The first of the paired applications was denied in part to an incomplete application that left “too many questions and not enough answers,” according to board member Calvin Dyck, and in part to the absence of the applicant to defend the request. The applicant, Matthews, arrived in time to defend the second of the paired applications but eventually took the board's recommendation to table the application until a more concrete plan could be offered.
The last application, submitted by Brooke Allison of Montana Yoga Adventure, LLC, requested the proposed use of a Camp and Retreat Center on a 5.3 acre plot, containing the existing Rising Wolf Retreat, in a small subdivision just north of Polebridge. The applicant requested using the existing structures of the property, which, according to the staff report, include a single-family dwelling, a cabin, storage shed, four canvas tents on wooden platforms, a sauna and restroom facility for use in periodic activities such as yoga and writing retreats, yoga teacher certifications, and local yoga classes. The proposed use said it would have a 12 guest maximum capacity and the addition of a new bathroom facility requiring a new septic system.

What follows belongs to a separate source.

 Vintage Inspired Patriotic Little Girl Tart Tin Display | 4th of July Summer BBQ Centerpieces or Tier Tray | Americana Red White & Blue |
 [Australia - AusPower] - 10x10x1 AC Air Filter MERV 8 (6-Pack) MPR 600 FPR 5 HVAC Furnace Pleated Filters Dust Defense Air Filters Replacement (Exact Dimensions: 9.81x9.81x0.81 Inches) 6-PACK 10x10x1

The yoga retreat application received one public comment in support and 14 in opposition. Some concerns cited staff report findings of the property owner previously being in violation of necessary licensure for certain activities being conducted on the property, as well as a septic system violation, and that given these violations, further compliance may be dubious. Nearly all oppositional comments echoed a main concern that the proposed use did not fit the character of the neighborhood and would undermine 20- plus years of community planning.
“If this permit is accepted, our zoning may very well become unraveled. This unique, arduously developed plan, [implemented] years ago has been at the forefront of maintaining the unique character of the North Fork,” Randy Kenyon, chair of the North Fork Land Use Advisory Committee said.
In rebuttal, the Allison claimed the main objective of the donation-based retreats would be to offer people a chance to experience the unique and wild character of the area.
“It’s a little disheartening coming into a new community and being called a thinly-veiled plan to profit off an area, when our intention is to share it with others, and I feel like the overall sentiment is not wanting to share that with others,” Allison said.
The five member board denied the application 3-2, citing wildlife safety concerns, lack of emergency services, and the residential, rather than commercial nature of the site.
The tabled application will be readdressed in a month and denied applications, if resubmitted, must wait a year before being reconsidered.